Potrebbero essere intesi come i segnali più evidenti di sacche di malessere, che esistono in queste generazioni. Ce ne sono altre, meno visibili, come l’ansia e la frustrazione: temi che su cui una quindicina di anni fa non esisteva alcun allarme e non ci si lavorava. Fermo restando che al Consorzio non compete alcun tipo di azione sulle tematiche della sicurezza, per cui esistono altri soggetti di competenza, è innegabile che talvolta siamo di fronte a manifestazioni di aggressività di livello piuttosto importante. È un fenomeno che esiste. Ma esiste ovunque, non solo a Mondovì.
Offrire alle nuove generazioni spazi, occasioni e modi per “sfogare” il proprio disagio, senza che sfoci in violenza, può essere una risposta?
Direi di sì. Effettivamente gli adolescenti evidenziano spesso il bisogno di incanalare in qualche modo la loro aggressività, la rabbia, ma anche l’espressione, la creatività. Dunque serve lavorare per farli sentire maggiormente protagonisti: generare un percorso che consente di cogliere queste energie, questa voglia di coinvolgimento e di protagonismo, e indirizzarli in occasioni in cui sentire valorizzate le loro competenze, le loro skill. Io comprendo che la cittadinanza abbia un legittimo bisogno di sicurezza. Ma ritengo che intervenire solo in questo senso non sia sufficiente: c’è bisogno di risposte integrate.
Quale soggetto, o quale o rete di soggetti, può intervenire?
L’espressione “rete” è proprio il concetto su cui stiamo lavorando. Si parla di un insieme di Enti: Comune, Consorzio, i Servizi sociali, gli educatori, il “Cantiere adolescenti”. Vanno coinvolte le Scuole. Vanno coinvolte le famiglie… anche se è molto, molto difficile: l’adolescenza è un’età in cui si genera una distanza, una rottura fra ragazzi e genitori.
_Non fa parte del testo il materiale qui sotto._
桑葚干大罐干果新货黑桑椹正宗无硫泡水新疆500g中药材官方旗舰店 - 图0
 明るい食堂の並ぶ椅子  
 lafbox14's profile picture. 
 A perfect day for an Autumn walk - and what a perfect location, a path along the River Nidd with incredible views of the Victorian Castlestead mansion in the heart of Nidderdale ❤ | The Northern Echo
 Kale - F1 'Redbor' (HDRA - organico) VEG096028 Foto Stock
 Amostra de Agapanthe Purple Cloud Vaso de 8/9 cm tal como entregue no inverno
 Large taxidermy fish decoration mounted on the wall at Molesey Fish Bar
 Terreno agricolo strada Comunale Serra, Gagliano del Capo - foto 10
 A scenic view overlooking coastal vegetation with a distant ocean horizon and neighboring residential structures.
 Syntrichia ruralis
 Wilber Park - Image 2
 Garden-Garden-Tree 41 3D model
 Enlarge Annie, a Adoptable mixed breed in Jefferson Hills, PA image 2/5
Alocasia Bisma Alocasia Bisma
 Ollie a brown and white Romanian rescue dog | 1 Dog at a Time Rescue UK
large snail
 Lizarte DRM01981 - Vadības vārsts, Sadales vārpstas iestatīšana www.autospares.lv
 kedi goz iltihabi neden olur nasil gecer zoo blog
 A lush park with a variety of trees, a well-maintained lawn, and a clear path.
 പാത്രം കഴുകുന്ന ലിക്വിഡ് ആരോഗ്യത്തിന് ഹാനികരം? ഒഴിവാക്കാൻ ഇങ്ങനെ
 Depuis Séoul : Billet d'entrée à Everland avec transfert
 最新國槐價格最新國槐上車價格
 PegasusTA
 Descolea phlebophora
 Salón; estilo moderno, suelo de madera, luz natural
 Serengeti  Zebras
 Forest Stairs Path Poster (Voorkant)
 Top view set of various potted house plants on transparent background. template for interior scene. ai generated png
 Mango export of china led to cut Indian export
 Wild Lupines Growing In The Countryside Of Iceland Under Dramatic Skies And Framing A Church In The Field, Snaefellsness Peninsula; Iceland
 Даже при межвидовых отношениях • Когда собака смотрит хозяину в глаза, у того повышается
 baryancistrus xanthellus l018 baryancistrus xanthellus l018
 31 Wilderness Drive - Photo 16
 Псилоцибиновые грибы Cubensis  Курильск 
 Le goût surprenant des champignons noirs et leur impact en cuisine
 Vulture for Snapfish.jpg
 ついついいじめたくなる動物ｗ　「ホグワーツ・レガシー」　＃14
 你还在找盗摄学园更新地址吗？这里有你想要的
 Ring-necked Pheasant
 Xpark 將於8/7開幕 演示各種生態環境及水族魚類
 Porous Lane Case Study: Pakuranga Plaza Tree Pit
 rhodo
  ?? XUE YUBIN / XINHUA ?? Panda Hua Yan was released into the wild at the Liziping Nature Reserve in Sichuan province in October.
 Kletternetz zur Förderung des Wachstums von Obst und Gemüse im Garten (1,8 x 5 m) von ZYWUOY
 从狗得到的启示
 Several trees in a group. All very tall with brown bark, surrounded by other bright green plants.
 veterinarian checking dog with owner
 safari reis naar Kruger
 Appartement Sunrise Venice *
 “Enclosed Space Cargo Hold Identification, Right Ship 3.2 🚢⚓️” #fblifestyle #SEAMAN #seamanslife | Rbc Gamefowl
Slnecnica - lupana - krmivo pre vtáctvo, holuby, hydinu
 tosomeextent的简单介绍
In questo senso, è più semplice intervenire sulle fasce di età più piccole.
In termini di “risposta” a questa esigenza, il contesto monregalese è migliore o peggiore rispetto al panorama circostante?
Ritengo che il fatto di avere una serie di soggetti che hanno ritenuto necessario fare rete, e aver iniziato a farla, non sia una cosa banale, né di poco conto.